WIPO

WIPO Arbitration and Mediation Center

 

ADMINISTRATIVE PANEL DECISION

Patrick Holding ApS v. PF otherwise known as Patrick Frey

Case No. DBIZ2002-0250

 

1. The Parties

The Complainant in this administrative proceeding is Patrick Holding ApS, a private limited company registered and existing under the laws of Denmark having its principal place of business at Langstrupvej 8, 3480, Fredensborg, Denmark.

The name of the Respondent is PF othewise known as Patrick Frey, having an address at Watzmannstr. 10, 82319, Starnberg, Germany.

 

2. The Domain Name and Registrar

The domain name in dispute is <patrick.biz>.

The Registrar with which said domain name is registered is Intercosmos Media Group, Inc. d/b/a Directnic.com, New Orleans, Louisiana 70130, United States of America (hereinafter "the Registrar").

 

3. Procedural History

On May 21, 2002, the Complaint was received by the WIPO Arbitration and Mediation Center ("the Center") by e-mail. The hard copy of the Complaint was received by the Center on June 5, 2002.

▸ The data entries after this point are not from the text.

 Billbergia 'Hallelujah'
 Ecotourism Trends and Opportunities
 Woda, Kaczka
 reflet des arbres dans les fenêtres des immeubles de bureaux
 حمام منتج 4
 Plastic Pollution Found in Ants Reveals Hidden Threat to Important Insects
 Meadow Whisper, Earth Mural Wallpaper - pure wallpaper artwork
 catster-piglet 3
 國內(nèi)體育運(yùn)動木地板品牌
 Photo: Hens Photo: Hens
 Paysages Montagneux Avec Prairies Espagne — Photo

In accordance with paragraph 4(a) of the Rules for Start-up Trademark Opposition Policy for .BIZ ("the STOP Rules") the Center verified that the Complaint satisfied the formal requirements of the Start-up Trademark Opposition Policy for .BIZ ("the STOP"), the STOP Rules and the WIPO Supplemental STOP Rules and that payment in the required amount had been paid by the Complainant.

On June 6, 2002, the Respondent filed a Response.

On June 19, 2002, the Center sent a Notification of STOP Complaint and Commencement of Administrative Proceeding to the Respondent by post/courier and by e-mail. A copy of said Notification was sent to the authorized representative of the Complainant by e-mail. Further copies of said Notification were sent to the Internet Corporation for Assigned Names and Numbers ("ICANN") and to the Registrar by e-mail.

Said Notification of Complaint and Commencement of Administrative Proceeding inter alia advised the Respondent that this Administrative Proceeding had commenced on June 19, 2002, and that the Respondent was required to submit a Response to the Center on or before July 9, 2002.

On June 26, 2002, the Center further advised the Respondent that there was no requirement for the Respondent to file a further Response and that the Response filed on June 6, 2002, would stand and be considered as the official document unless the Respondent decided to revisit the Response. The Center advised the Respondent that if the Respondent did not indicate an intention to file a further Response by July 1, 2002, the Case Manager would proceed to appoint this Administrative Panel.

No further Response was received from the Respondent and on July 16, 2002, the Center sent an Acknowledgement of Receipt (Stop Response) to the Respondent.

On July 25, 2002, after having received a Statement of Acceptance and Declaration of Impartiality from him in accordance with paragraph 7 of the STOP Rules, the Center proceeded to appoint James Bridgeman as the Administrative Panel. A Notification of Appointment of Administrative Panel and Projected Decision Date was sent to the Parties by e-mail. On the same day the case file was transmitted to the Administrative Panel.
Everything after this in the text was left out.